A inevitabilidade da hierarquia

Os planos de viagem de Sanders não são uma anomalia; eles são uma consequência direta de como as hierarquias funcionam. Seja sob o capitalismo ou sob o socialismo, aqueles que ocupam posições de autoridade – políticos, burocratas e elites – irão inevitavelmente desfrutar de privilégios indisponíveis para a população em geral.

Até a Coreia do Norte, um estado autoproclamado socialista, oferece viagens em classe executiva na sua companhia aérea, a Air Koryo. Isto demonstra que a abolição da classe não se traduz necessariamente em condições de vida iguais para todos. Como observou George Orwell: “Todos os animais são iguais, mas alguns animais são mais iguais que outros”. Sanders incorpora este princípio: ele acredita que aqueles que lideram – incluindo ele próprio – merecem tratamento preferencial.

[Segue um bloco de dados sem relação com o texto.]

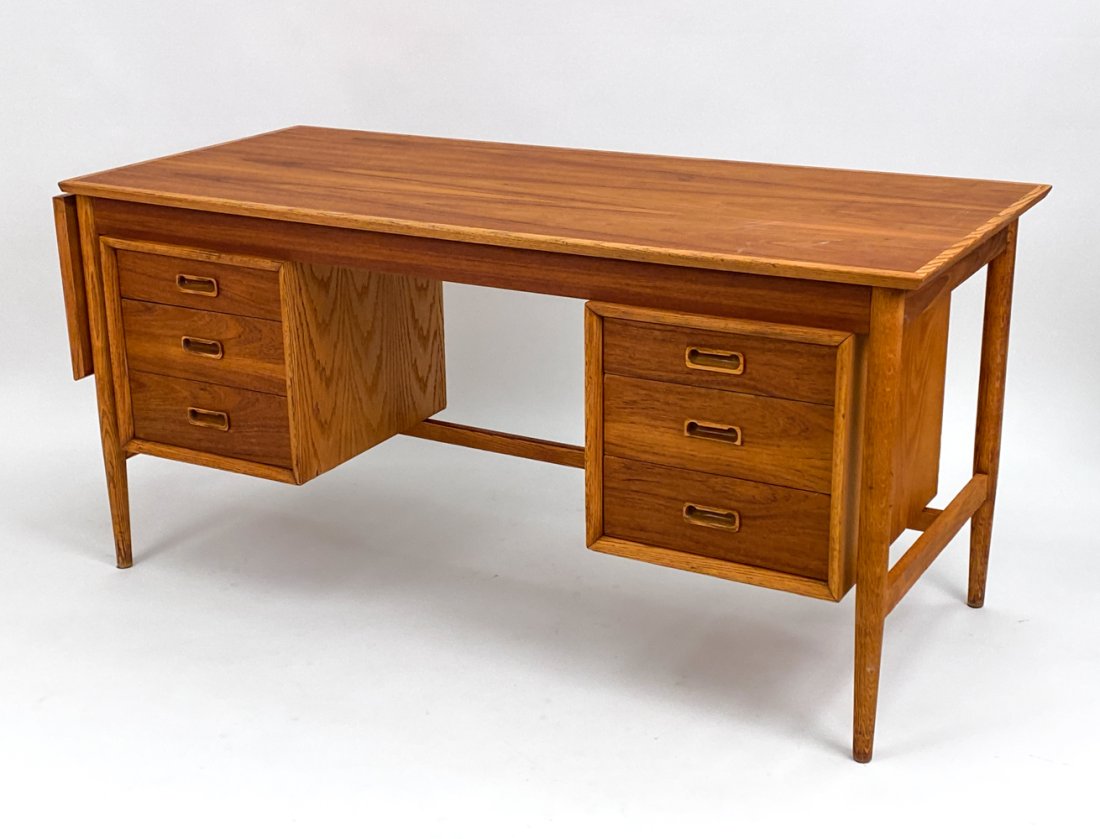MID-CENTURY DROP LEAF DESK STYLE OF ARNE VODDER: Great Mid-Century Modern drop leaf executive desk in the manner of Arne Vodder. Features a single drop leaf, sculpted handles and file drawer. Dimensions: H 29.5" x W 61.75" x D 27" Condition: Surface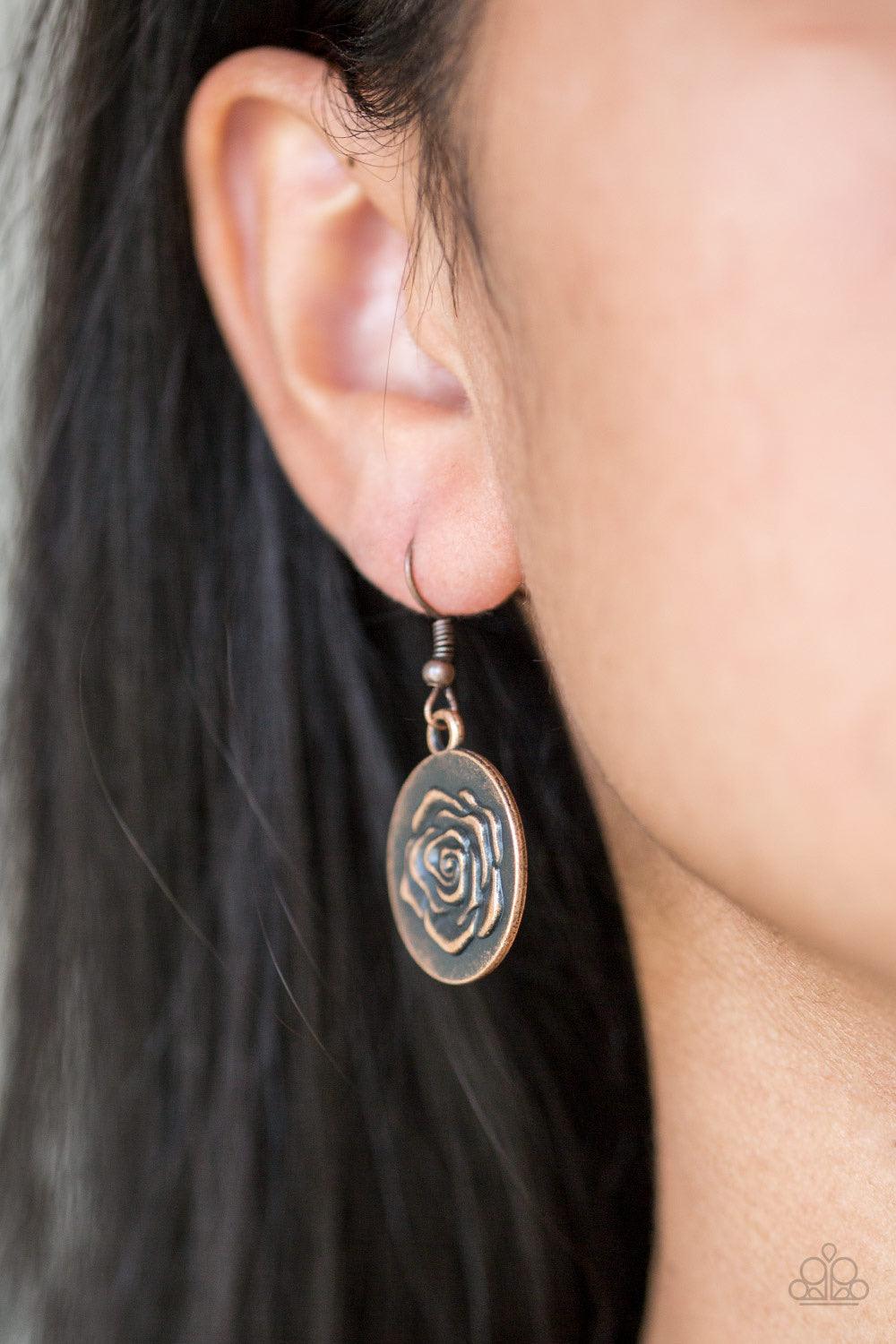 Paparazzi Accessories Beautifully Belle - Copper Embossed in a whimsical rosebud pattern, a shimmery copper frame swings below the collar for a casual look. Features a toggle closure. Sold as one individual necklace. Includes one pair of matching earrings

A Lógica de Maximizar o Valor do Trabalho

A necessidade de Sanders de viajar em primeira classe também é pragmática. Ele argumenta que a organização socialista eficaz requer a maximização do valor do trabalho, o que significa otimizar o seu tempo e conforto enquanto trabalha.

Este raciocínio reflecte as práticas da era soviética, onde os membros do Politburo desfrutavam de habitação de elite, férias patrocinadas pelo Estado e acesso exclusivo a recursos. Sanders não está taxando os pobres para financiar suas viagens; a sua fuga foi uma melhoria obtida através do estatuto de elite ou paga por doadores, tornando-se uma questão de alocação eficiente de recursos e não de fundos públicos.

O objetivo: primeira classe universal, financiada pelos ricos

Sanders defende um sistema onde todos tenham acesso a comodidades de primeira classe… mas apenas se as empresas forem forçadas a fornecê-las. Sua visão não é eliminar o luxo; trata-se de redistribuí-lo.

O desconforto que alguns sentem provém de uma questão mais profunda: a constatação de que mesmo sob o socialismo, os burocratas continuarão a desfrutar de privilégios enquanto as “classes produtivas” suportam os custos. Isto não é um fracasso dos ideais socialistas; é uma característica inerente às estruturas de poder centralizadas.

O resultado final

O voo de primeira classe de Sanders não é uma contradição. É uma demonstração de como funciona a dinâmica do poder, independentemente da ideologia. Criticá-lo por isso é irrelevante; o foco deve estar na substância de seus pontos de vista e não na ótica de seus planos de viagem.

A verdadeira hipocrisia reside em fingir que os responsáveis sacrificarão o seu conforto em prol da igualdade.